What is a Purushartha?

Sports can be as intoxicating as life or anything that life has to offer, we tend to agree. I often wonder if sports are not the fifth among purusharthas of Dharma, Artha, Kama and Moksha. Like romance, music, fine wine, fast cars and other trappings of good life, the sports also have the power to make men happy, and very deliriously so. Even the more respectable among games and some friendly forms of gambling are also touted as sports. The debate will continue but you cannot have too much of life’s riches without getting wasted with the only exception of a family and its love. If you already have it then you might want to start appreciating it more and stop taking it for granted.

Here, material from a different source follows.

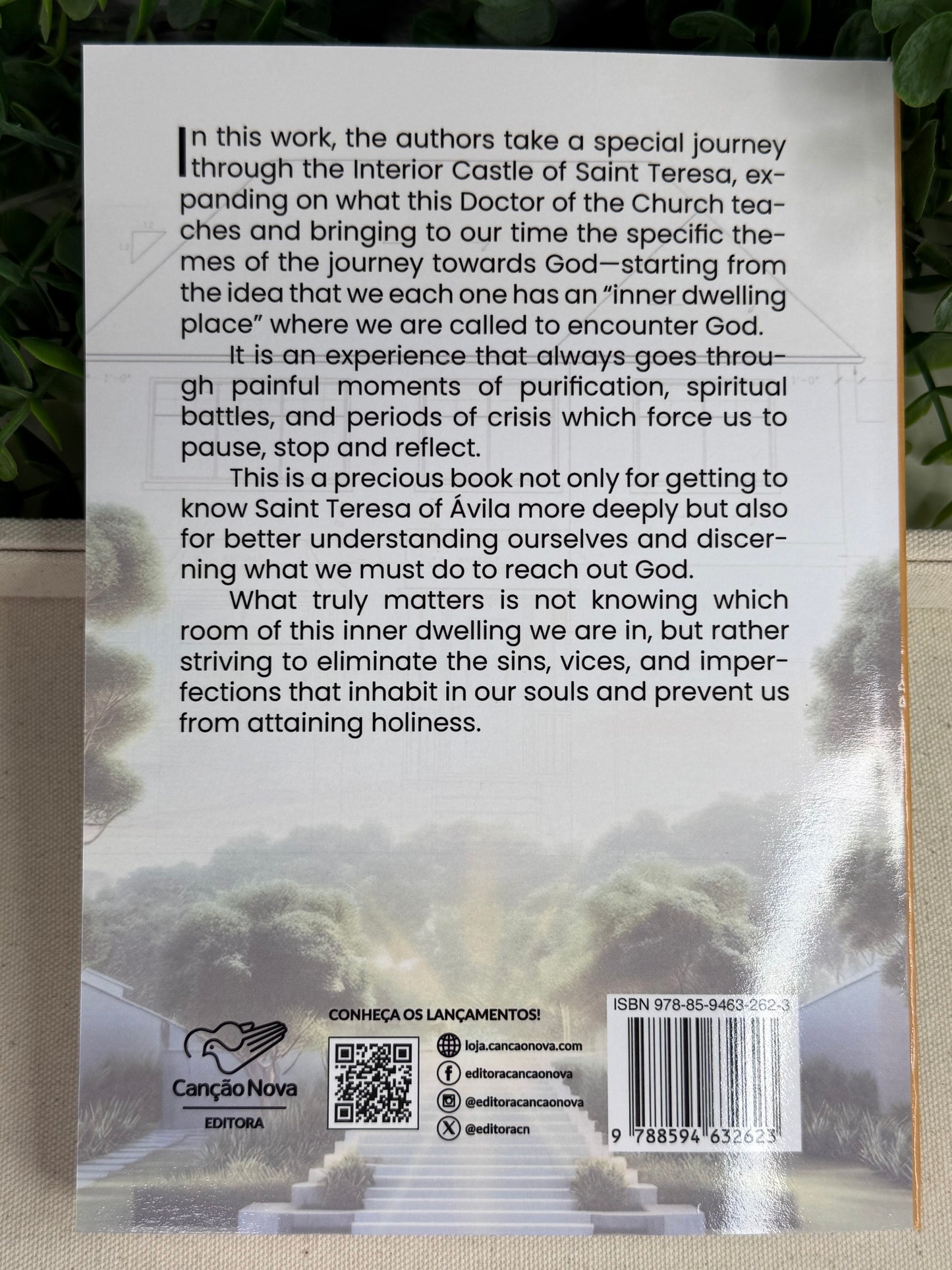 Livro Inner Dwelling - (Livro Casa Interior em inglês)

A Tibetan Monk who heads the monastery in Los Angeles enjoys an occasional round of golf at the local Muny, which is a Municipal or Public Golf Course for those uninitiated in Tibetan Buddhism. The godman has following to say about his chosen sport, “If you play golf, you might be able to appreciate what life is; full of suffering.” Every sports fanatic has a similar line to offer in favor of her favorite pastime.

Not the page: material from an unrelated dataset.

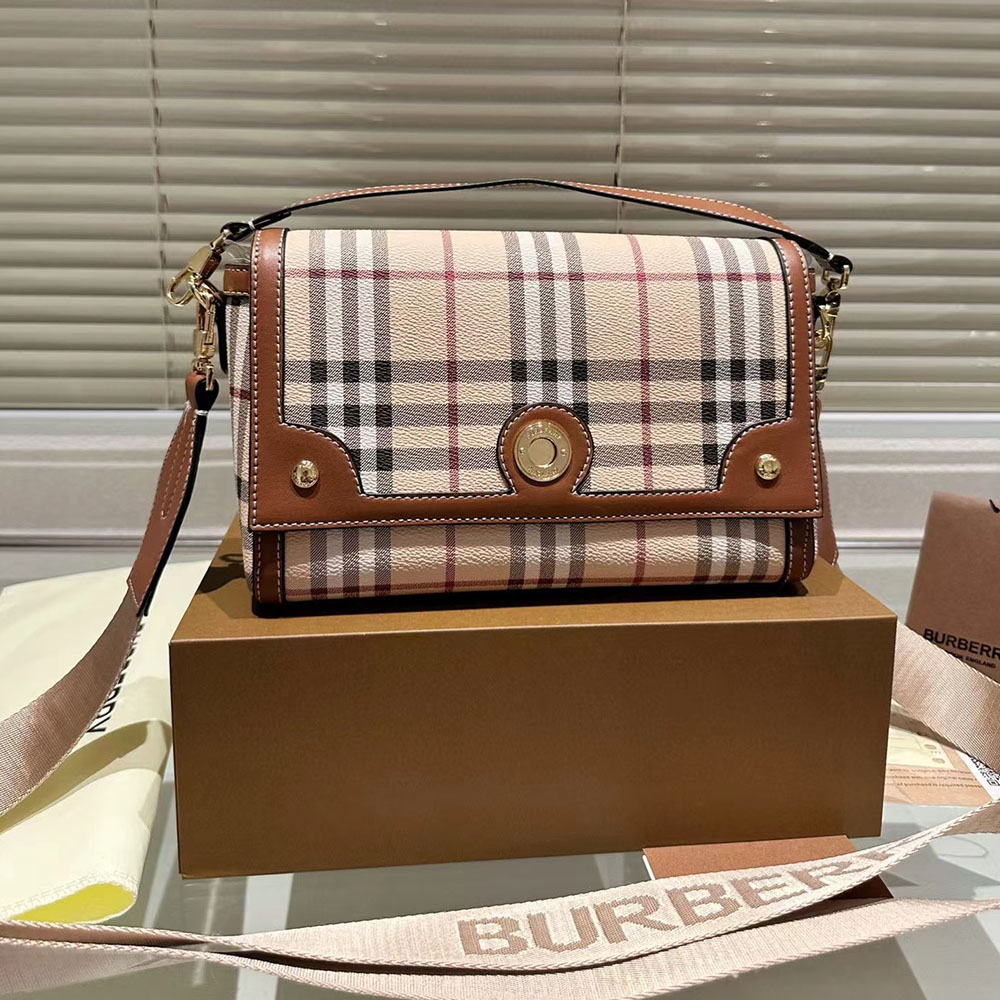 Burberry Flip Magnetic Buckle Bag(Replica) - Ultra-Collectible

Golf imitating life is an oft-quoted motif perpetuated mostly by the elites who possess the means, motive and opportunity to play this game that is at once decadent and also very charming. They probably mean that like golf, life too is an exclusivist privilege restricted to a fortunate few who are rich and famous; perhaps as exclusivist as are good looks and health and so many other things that are the most desirable, including money and power and happiness.

The nature of this game requires you to make the least number of mistakes to have any measure of success playing it. As the legendary Bobby Jones once said, “On the golf course a man is all alone with his ball and God”. That is the theme of life, a solitary man battling the elements, calling conscientious penalties on the self and taking calculated risks to reap the rewards or the punishments. It is arguably a good walk spoiled. The ball too takes a spectacular flight at first, descends to the ground never to rise so high again, takes a few careless hops and finally crawls slowly and helplessly to its grave.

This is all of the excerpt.